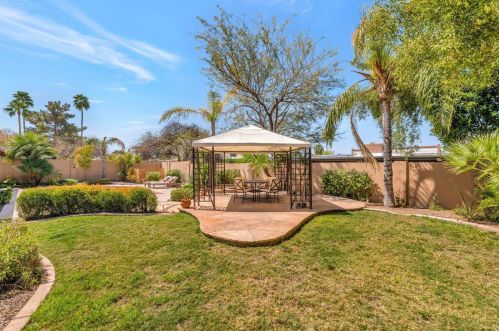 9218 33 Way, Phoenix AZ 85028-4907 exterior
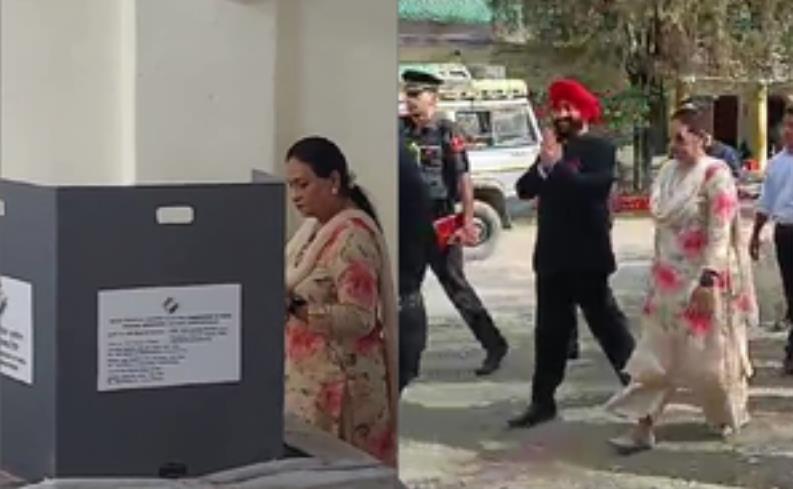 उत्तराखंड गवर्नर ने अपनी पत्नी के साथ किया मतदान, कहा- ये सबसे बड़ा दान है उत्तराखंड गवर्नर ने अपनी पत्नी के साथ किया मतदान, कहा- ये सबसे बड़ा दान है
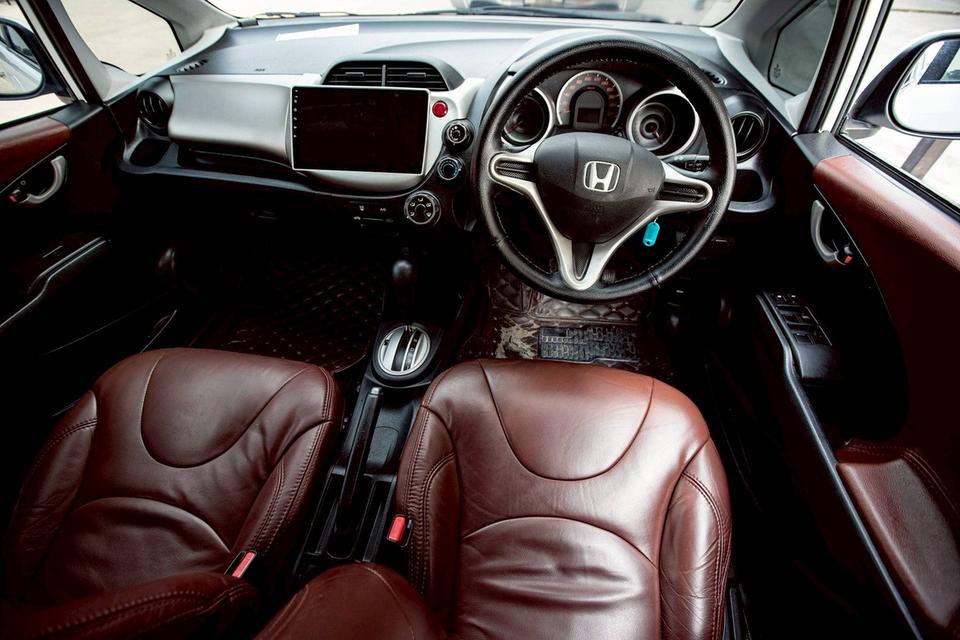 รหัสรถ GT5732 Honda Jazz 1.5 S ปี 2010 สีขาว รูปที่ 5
==
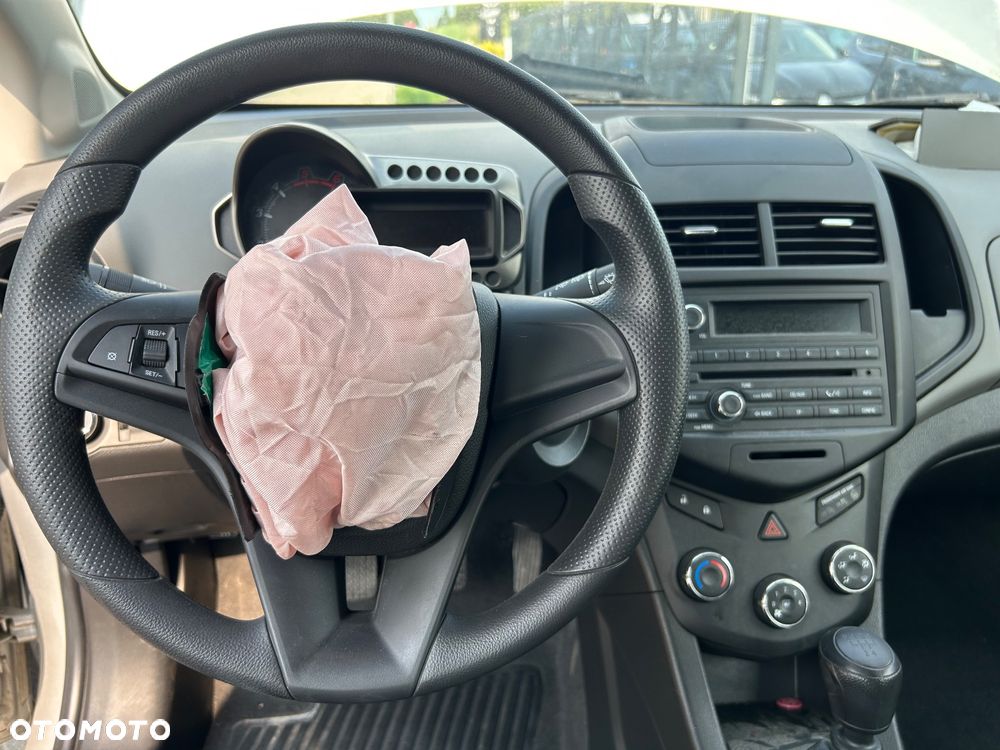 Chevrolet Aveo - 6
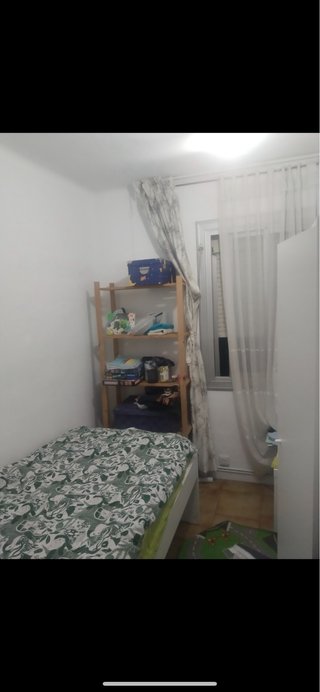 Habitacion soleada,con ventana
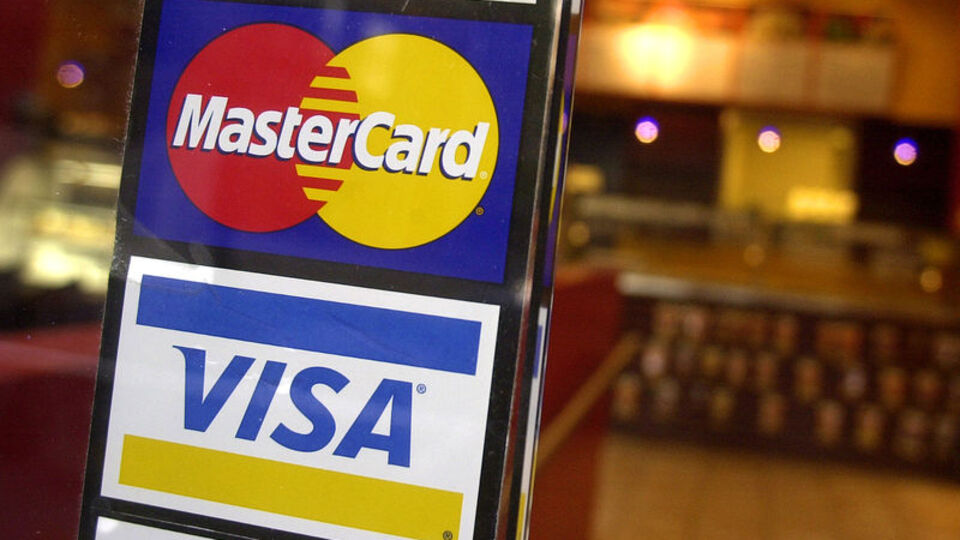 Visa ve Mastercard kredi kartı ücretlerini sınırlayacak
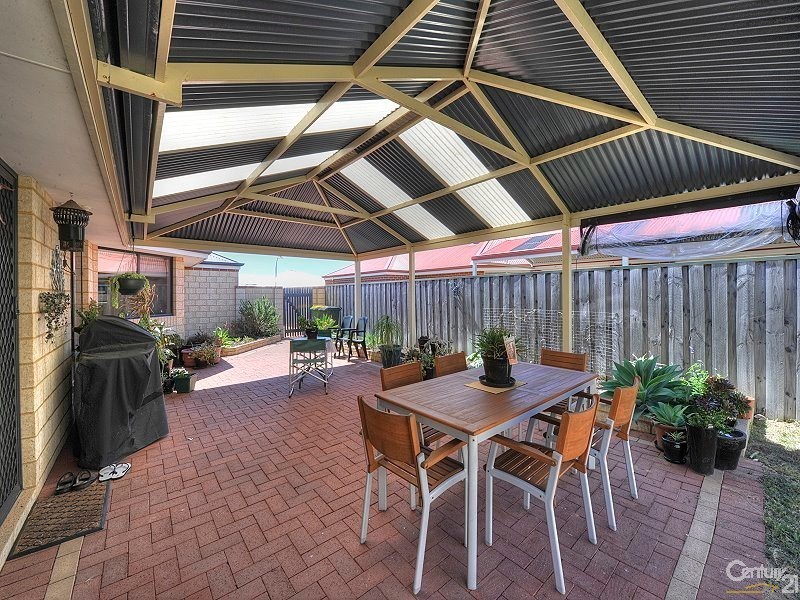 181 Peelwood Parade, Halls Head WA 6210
==
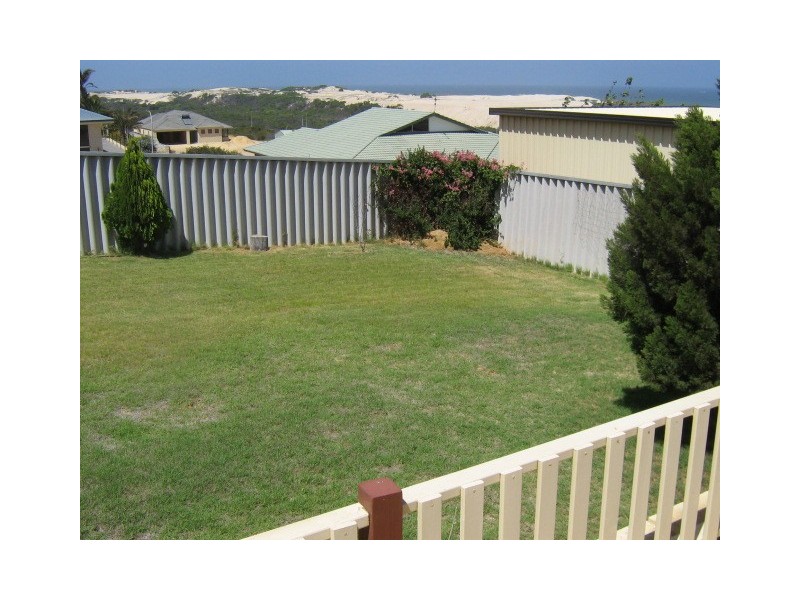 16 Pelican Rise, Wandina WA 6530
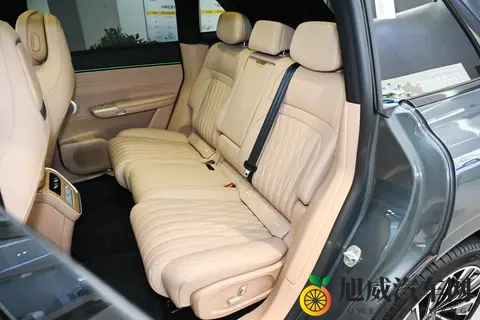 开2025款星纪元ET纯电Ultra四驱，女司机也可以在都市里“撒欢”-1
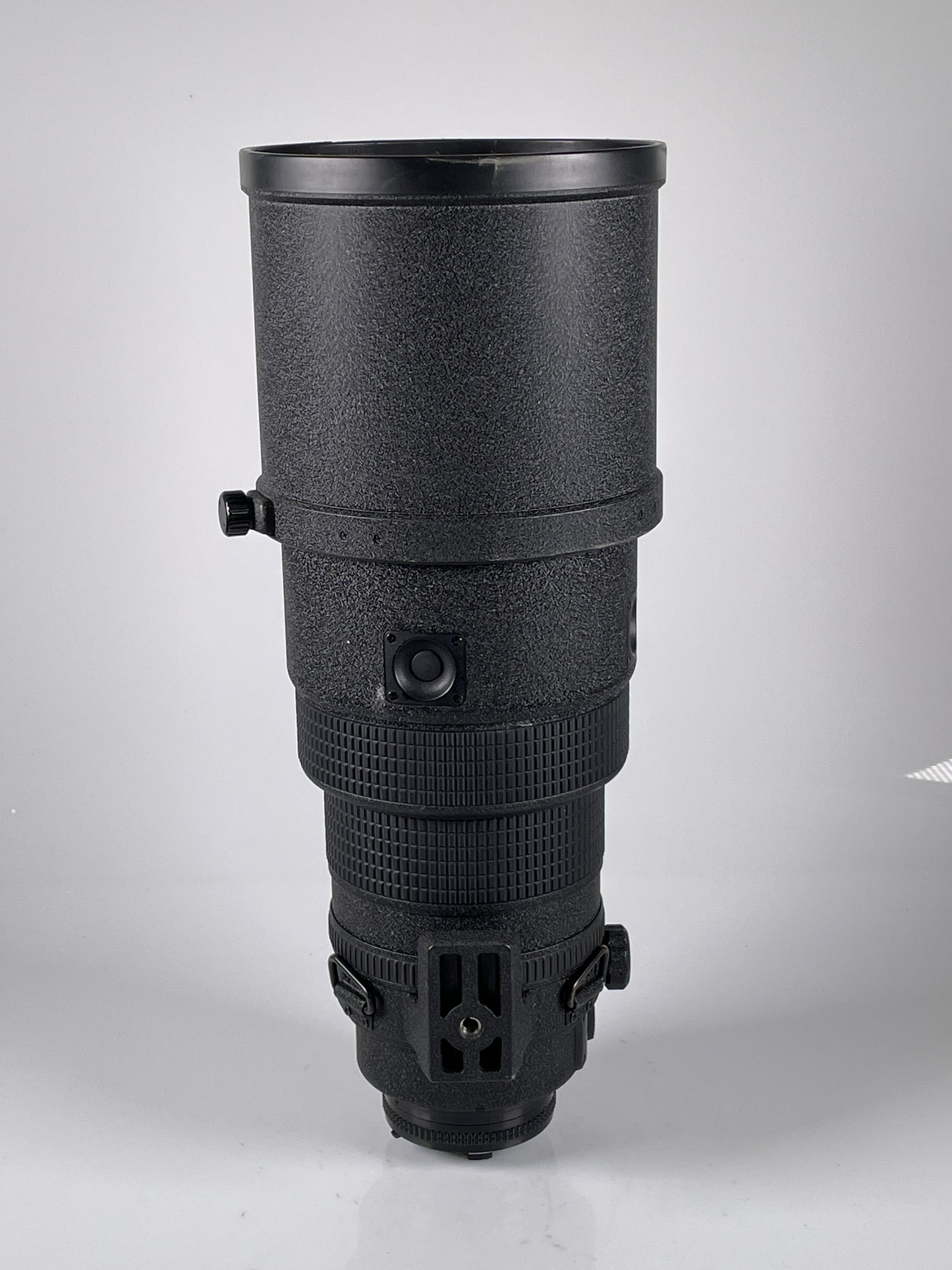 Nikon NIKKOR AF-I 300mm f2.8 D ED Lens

◆ Work task ◆
From the records above, copy only the lines running from the line containing "16 Pelican Rise, Wandina WA 6530" to the line containing "Nikon NIKKOR AF-I 300mm f2.8 D ED Lens", both ends included. Leave the pictures out.

◆ Solution to this exercise ◆
 16 Pelican Rise, Wandina WA 6530
 开2025款星纪元ET纯电Ultra四驱，女司机也可以在都市里“撒欢”-1
 Nikon NIKKOR AF-I 300mm f2.8 D ED Lens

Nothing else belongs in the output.